[Stored records]
##########

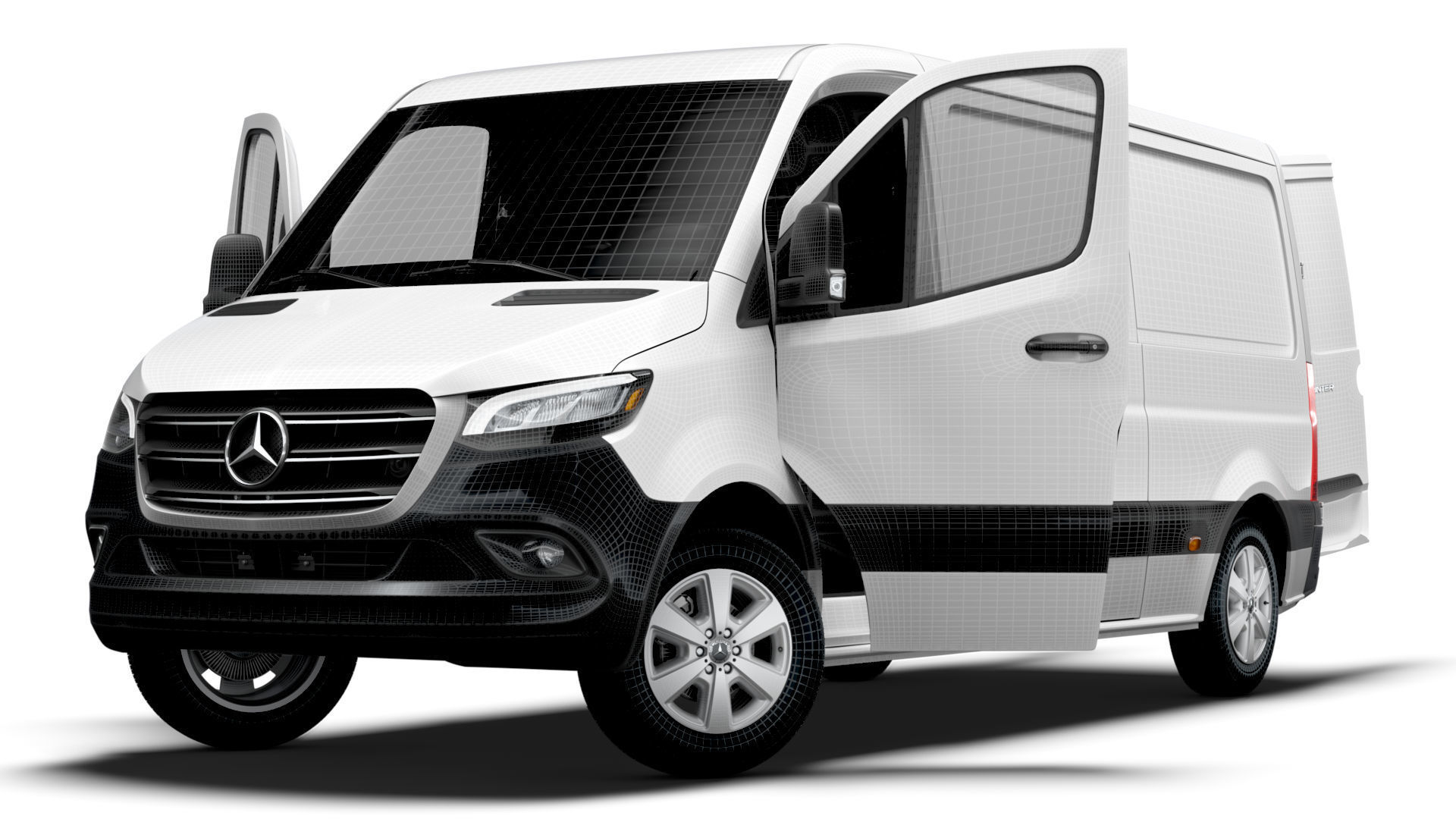 Mercedes Benz Sprinter L2H1 FWD HQ Interior 2025 3D model_19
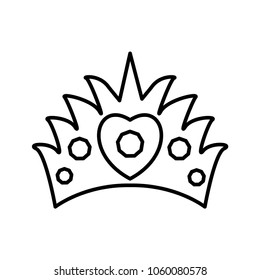 crown icon vector template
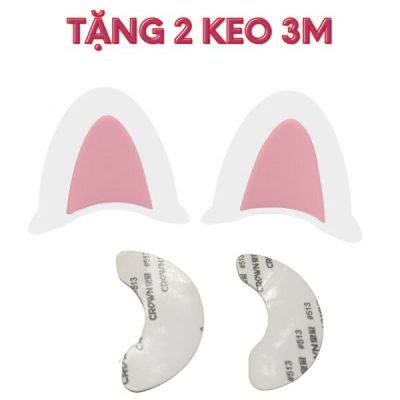 Tai mèo trang trí nón bảo hiểm - Ảnh 7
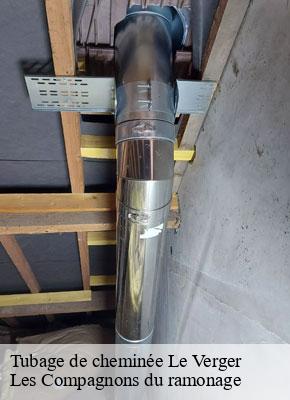 Tubage de cheminée le-verger-13500 Les Compagnons du ramonage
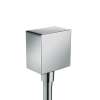Axor Showersolutions Wall Outlet Square With Check Valves In Chrome, 36732001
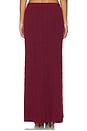 view 4 of 6 DALIA 맥시 스커트 in Burgundy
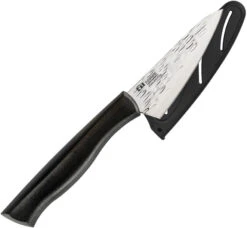 Kershaw 3.5" Fixed Stainless Blade Black Kitchen Inspire Paring Knife AH7068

##########

[Required action]
Could you please repeat the entries above exactly, with every picture left out?

[Finished task]
 Mercedes Benz Sprinter L2H1 FWD HQ Interior 2025 3D model_19
 crown icon vector template
 Tai mèo trang trí nón bảo hiểm - Ảnh 7
 Tubage de cheminée le-verger-13500 Les Compagnons du ramonage
Axor Showersolutions Wall Outlet Square With Check Valves In Chrome, 36732001
 view 4 of 6 DALIA 맥시 스커트 in Burgundy
 Kershaw 3.5" Fixed Stainless Blade Black Kitchen Inspire Paring Knife AH7068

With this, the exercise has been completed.